BEIJING, Sept. 26 (Xinhua) -- In the coming week-long National Day holiday, Chinese heading to foreign climes are not only cautious of choosing travel agencies over the usual dubious tourism practices, but now they are on the alert over another trap: fake tickets.
Yao Xiuli is scheduled to travel to Spain and Morocco with her husband for the holiday, which runs Oct. 1-7. She was reluctant to join a tour group due to bugbears about agencies' irregularities, especially after French reports of Chinese-held counterfeit tickets to the Louvre Museum in Paris.
"We chose to travel by ourselves to avoid being forced to go shopping, rush from one spot to another, and also the risk of fake tickets," said Yao.
In early September, French reports of possible Chinese tourist involvement in a batch of fake Louvre passes aroused great concern both home and abroad.
According to French daily Le Parisien, staff at the Louvre Museum last month began noticing several dozen Chinese tourists with counterfeit tickets, which were poorly and inconsistently printed.
It said that around the same time the tickets were discovered, Belgian customs officials alerted French authorities that they had seized about 3,600 counterfeit Louvre tickets hidden in a package sent from China.
However, the ongoing investigation has not revealed whether the tickets were used or made for benefit by Chinese tourism agencies, nor whether the Chinese ticket-holders had any consciousness of their illegality.

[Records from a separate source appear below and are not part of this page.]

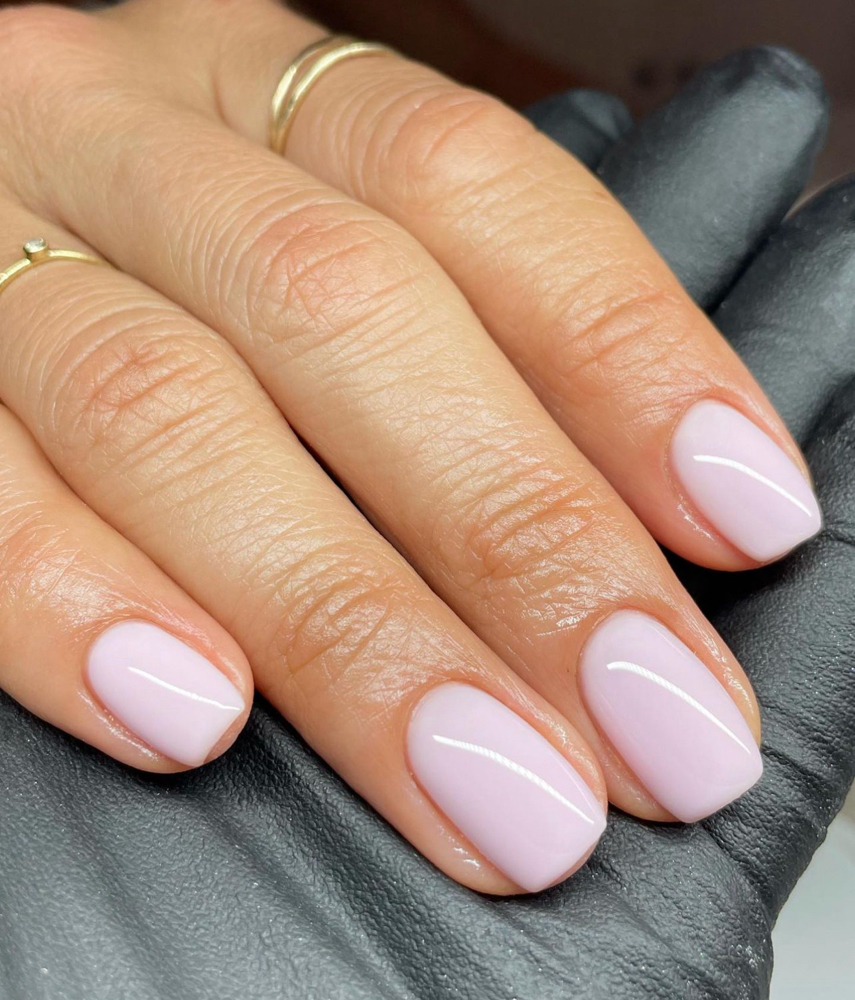 Gel manicure W/ Rubber Base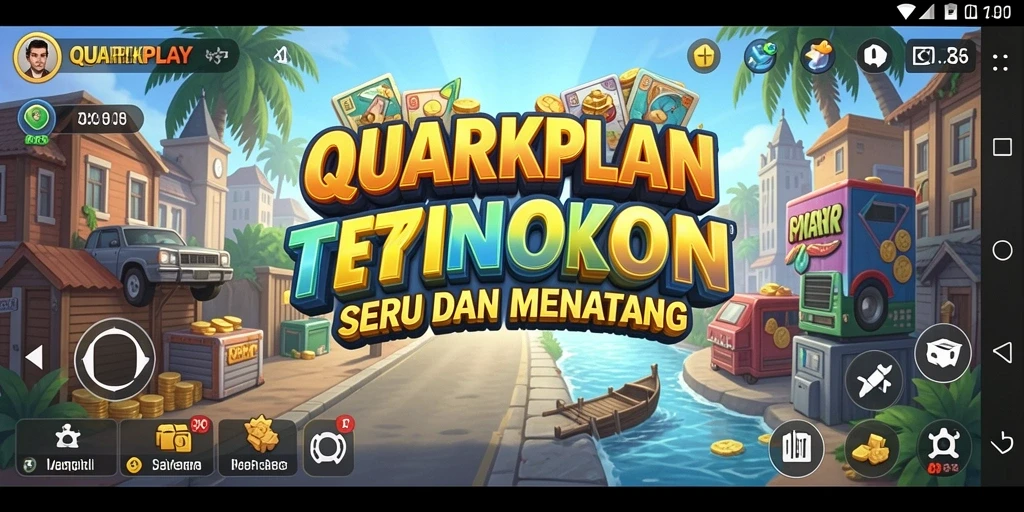 Tampilan gameplay menakjubkan dalam QUARKPLAY yang penuh strategi Tycoon.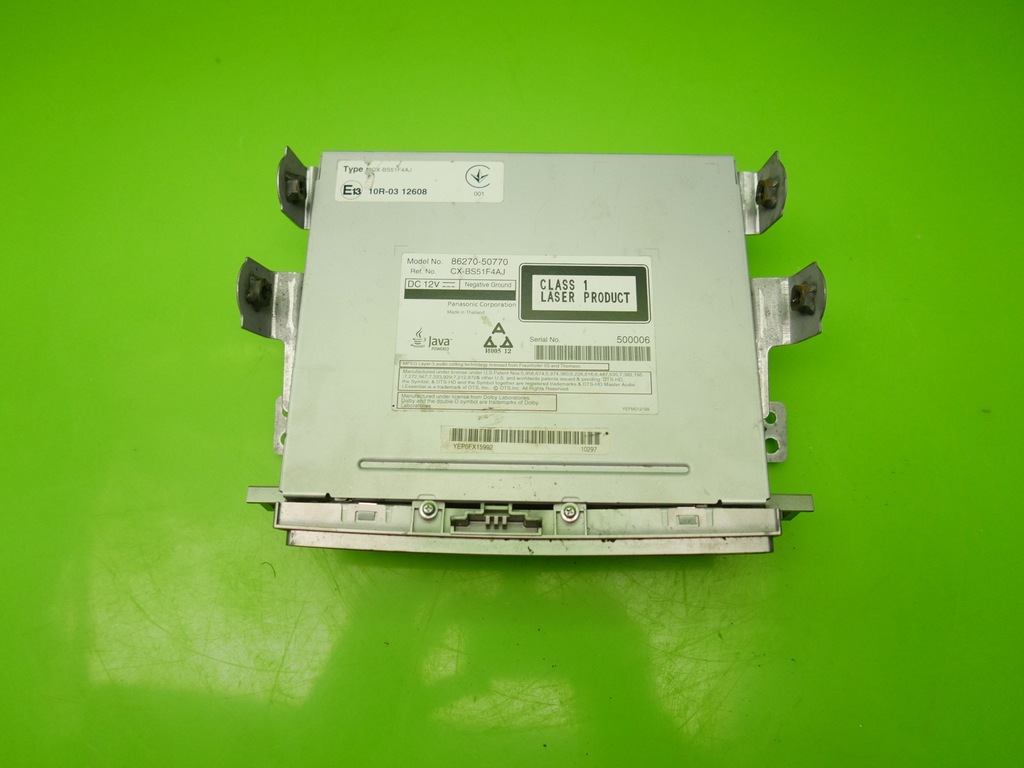 DVD-SPIELER KARTENLESER HINTEN LEXUS LS460L 12-17 Product image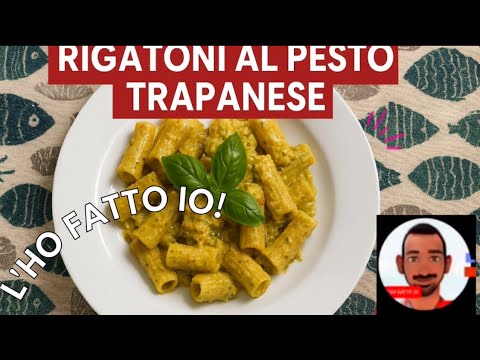 Fai questa pasta a Natale rigatoni con pesto alla Trapanese!!!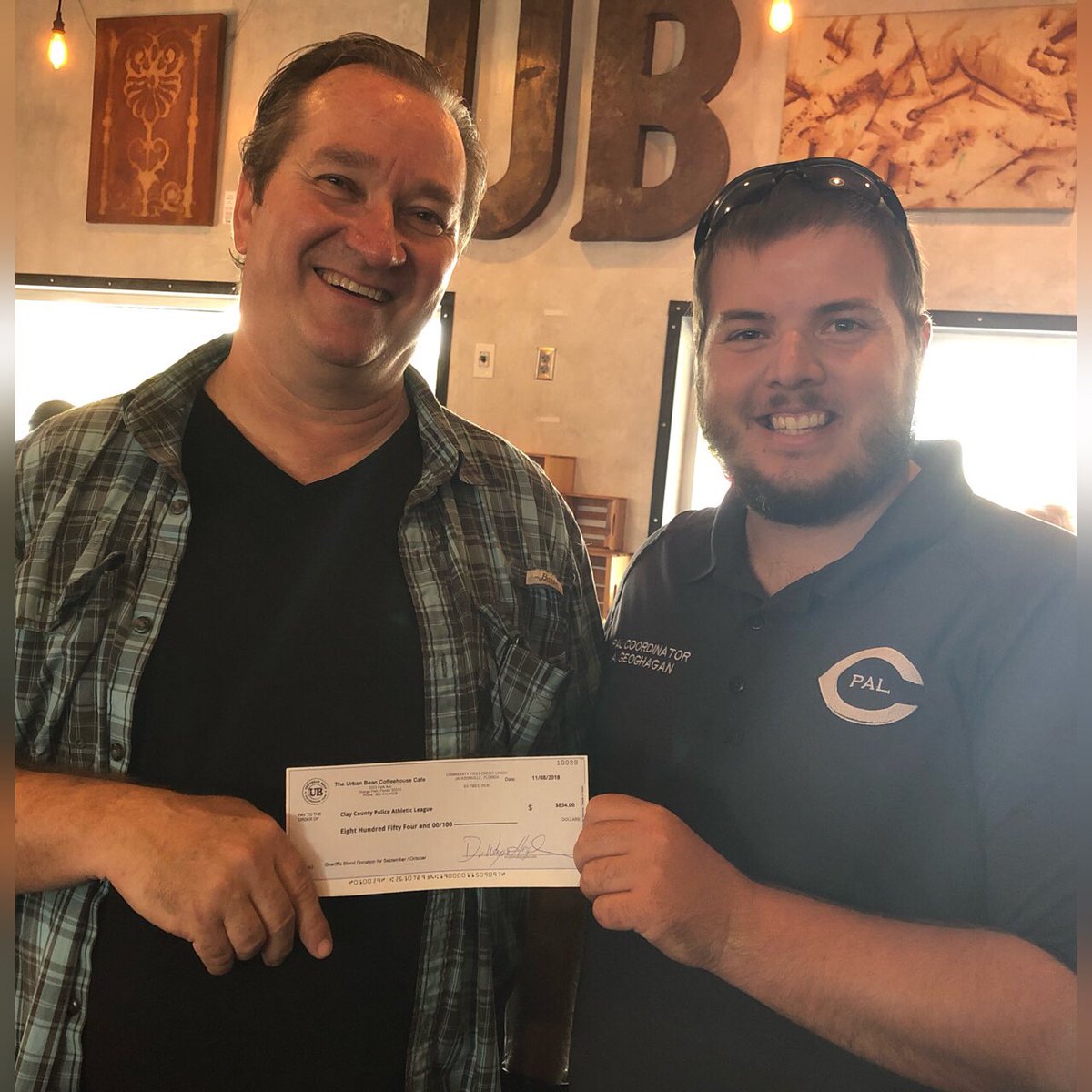 ccsofl's tweet photo. Six weeks of coffee sales for the #SheriffsBlend brew from The Urban Bean Coffeehouse has rendered nearly a thousand dollars worth of donations to the Clay County Police Athletic League.
You can buy in store or online at https://t.co/yD2mow8IGY #CCSOFL https://t.co/CEITQvQMK3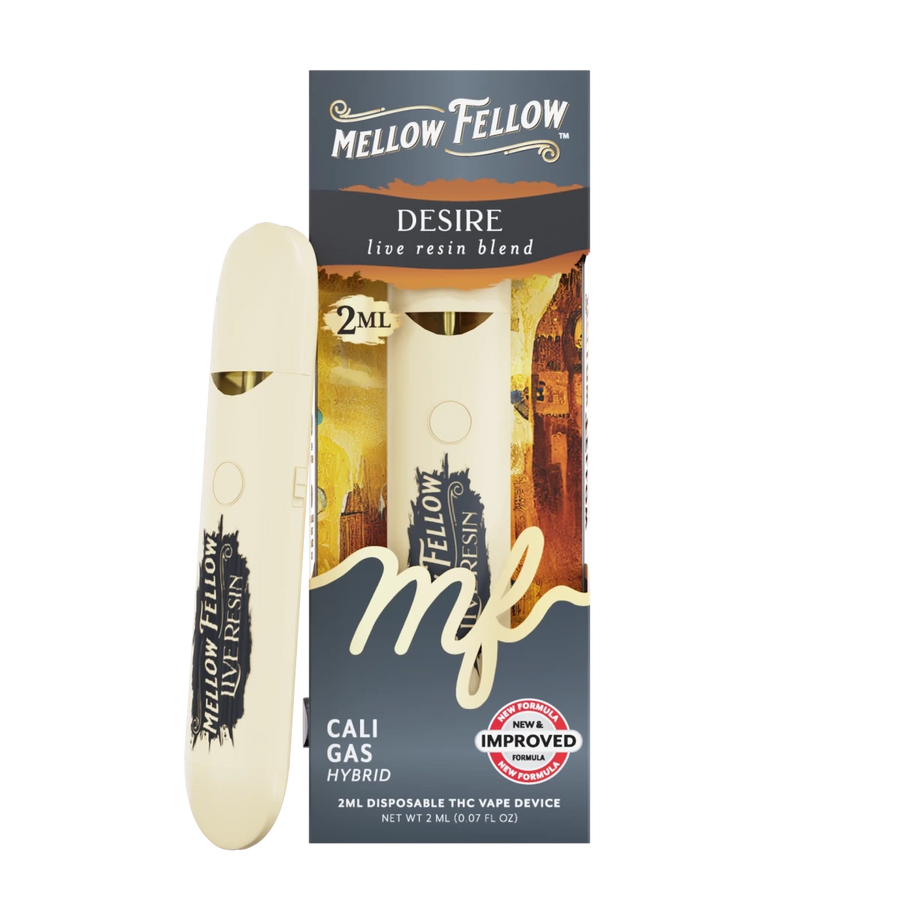 Desire Blend 2ml Live Resin Disposable Vape - Cali Gas (Hybrid) - Mellow Fellow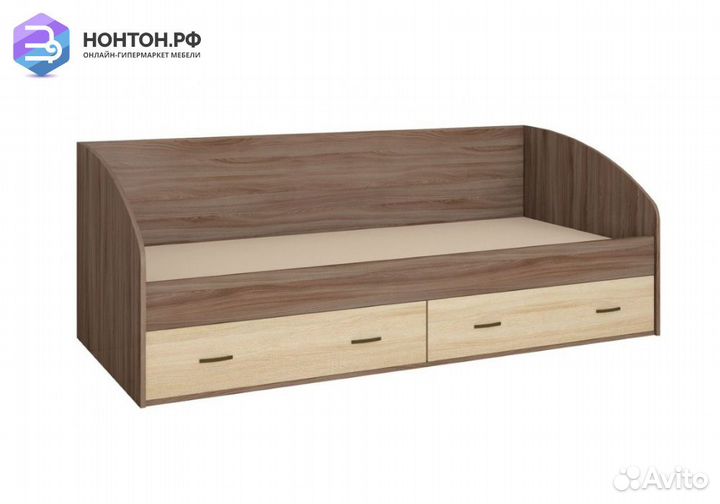 Кровать с ящиками Орион ясень шимо / дуб сонома
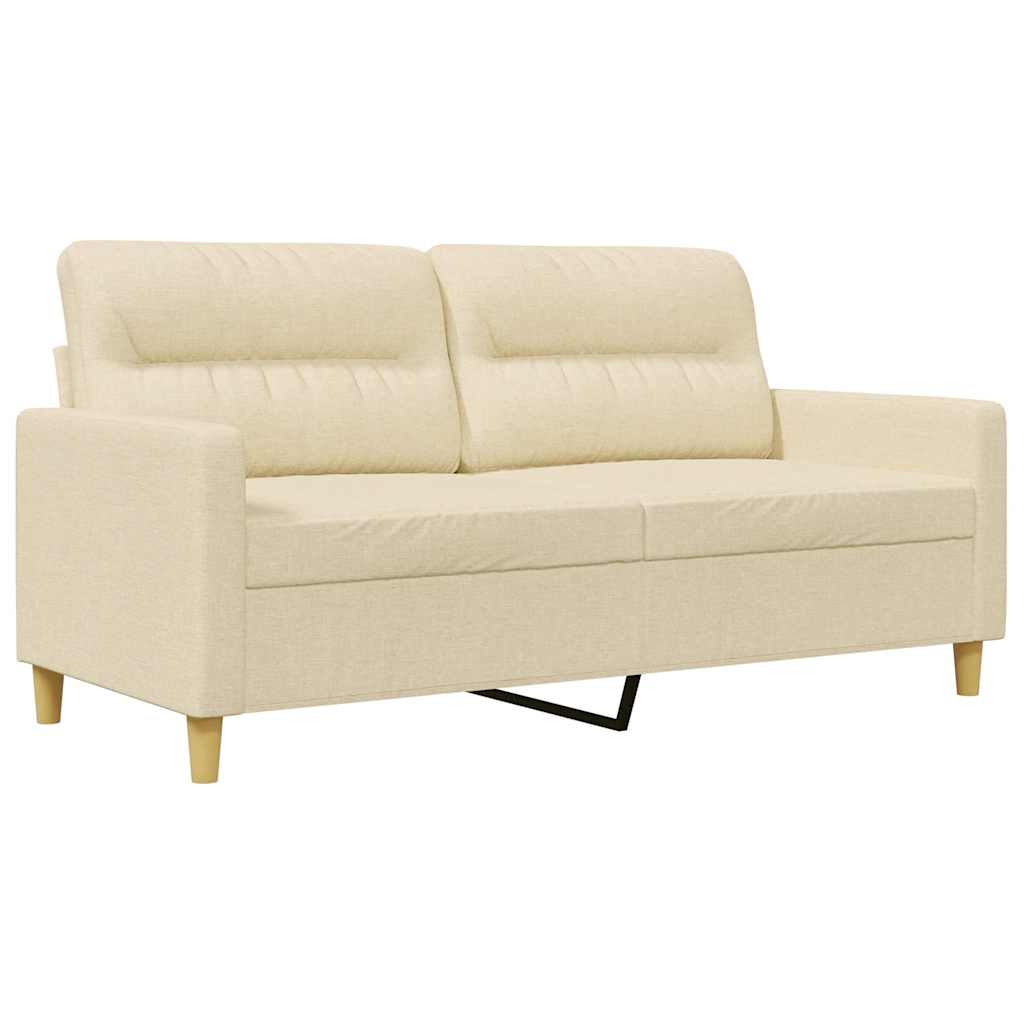 Dvosjed od tkanine krem 140 cm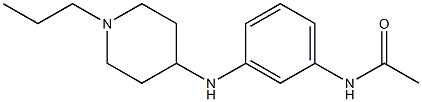  N-{3-[(1-propylpiperidin-4-yl)amino]phenyl}acetamide
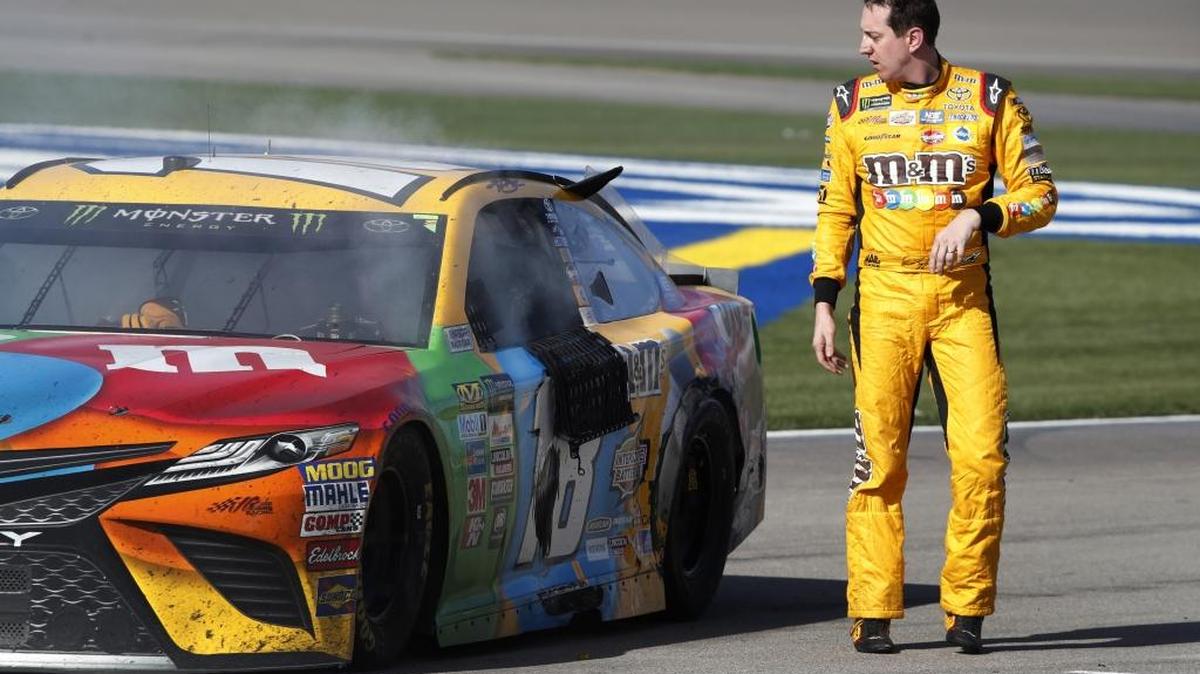 After Sunday’s race, Kyle Busch’s car wasn’t all that was steaming and damaged.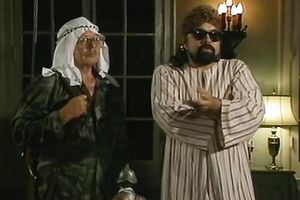 Cute golden-haired retro Married slut takes a spunk flow in the throat after sex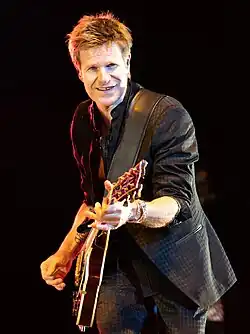 Brown performing in 2023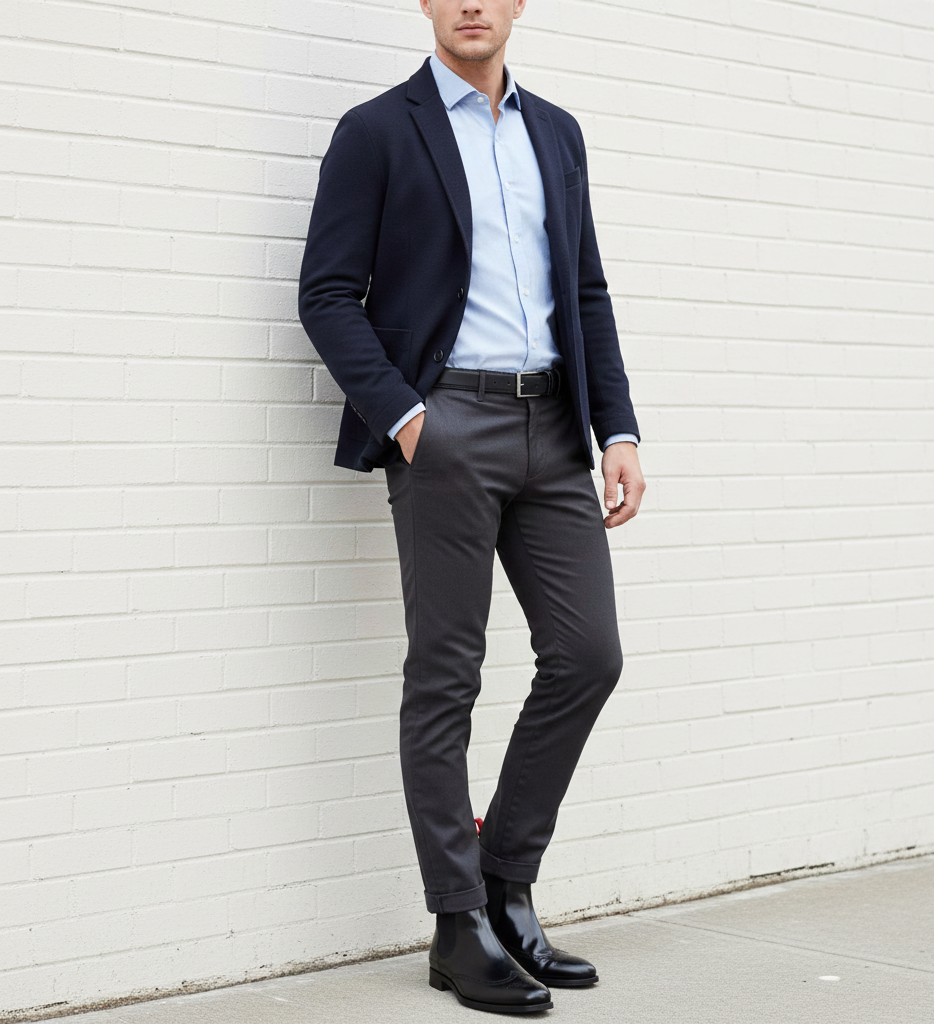 Mens Stylish Design Chelsea Boot
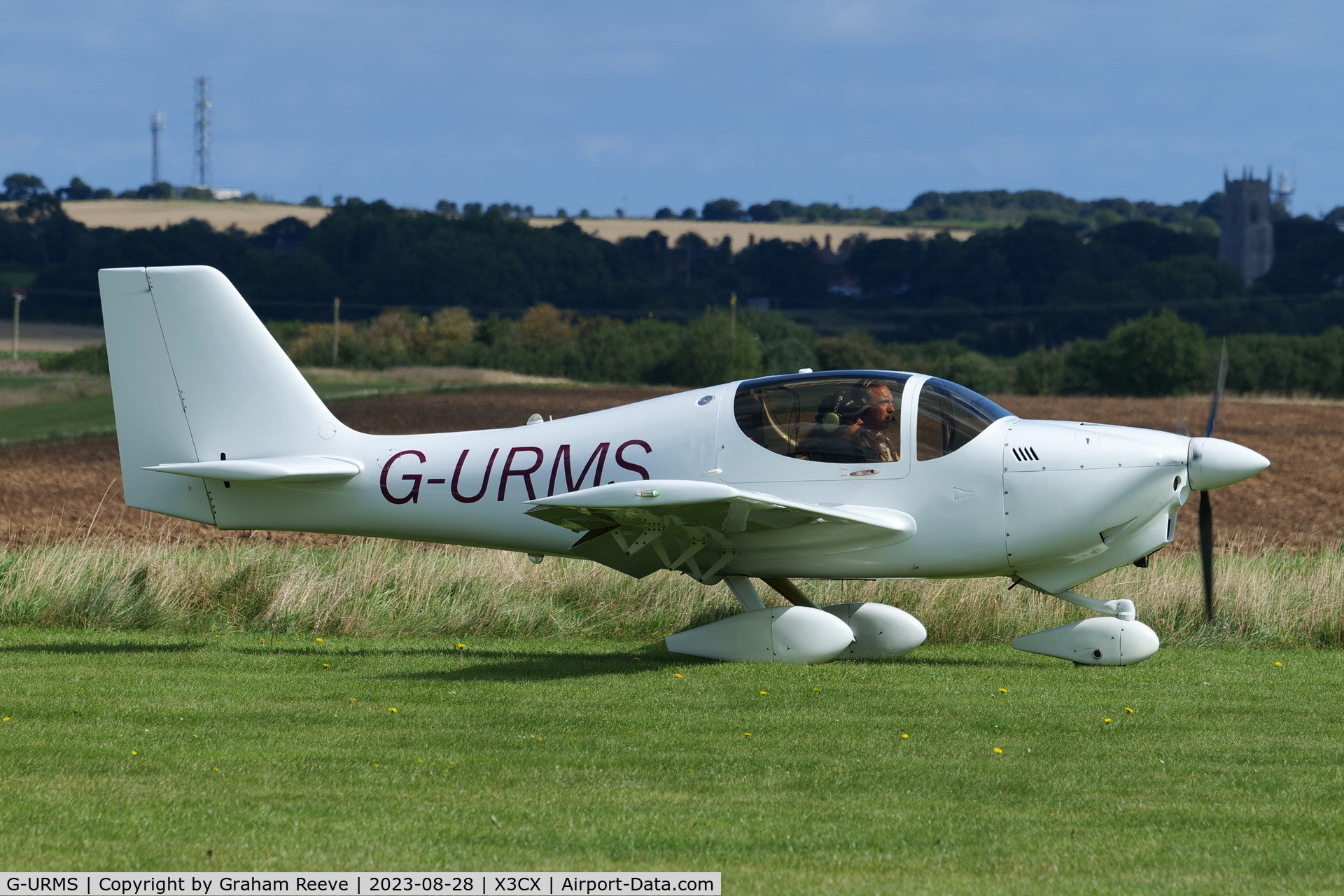 G-URMS, 2005 Europa Tri Gear C/N PFA 247-12922, Just landed at Northrepps.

Yu Ningning, president of the China International Travel Services Co., Ltd., told a Xinhua reporter that the use of the fake tickets by Chinese tourists does not necessarily mean they were made by Chinese.
"As an industry insider, I have no idea why such an incident occurred and I hope the local police can investigate the source of these tickets," Yu said.
The official also added that no such fake ticket incident has ever happened in Beijing or China's famous tourist spots.
Tourism officials in north China's Shaanxi Province also said they had heard of no similar cases at local attractions such as the Terracotta Warriors, where electronic tickets are used. Moreover, counterfeit tickets had never appeared before the adoption of electronic tickets, according to the spot's tourism administration bureau.
Nevertheless, netizens on China's Twitter-like Sina Weibo service said the Louvre case could tarnish the image of Chinese tourists and China.
"Most Western museums are nonprofit organizations with low prices and lax fare collection systems that operate on trust. This case has not only damaged the image of Chinese tourists, but also took a toll on such trust," said user Ge Lei in a post on his real-name Sina Weibo account.
The incident has reminded citizens of similar cases involving Chinese tourists' unseemly behavior. With stories of Chinese abroad bathing their feet in ceremonial fountains or leaving graffiti on historical monuments making headlines, Chinese authorities and travel agencies have begun to think of new ways to regulate tourism agencies and Chinese tourists as well.
The National Tourism Administration Office announced on Sept. 18 that it would strengthen management of tourism agencies abroad. Also, the nation's first tourism law, which will be fully implemented from Oct. 1, will help to rectify unruly behavior among both agencies and tourists. Those disobeying the law will receive legal punishment.
Residents in east China's Zhejiang Province told the Zhejiang Daily that their travel agencies have recently started requiring them to provide certificates attesting to their good manners.
"The certificate should be presented by employers or neighborhood committees. The tourists said that they were asked before overseas trips to sign a letter of commitment and pay a deposit guaranteeing good behavior," the official newspaper of Zhejiang said on its Weibo account.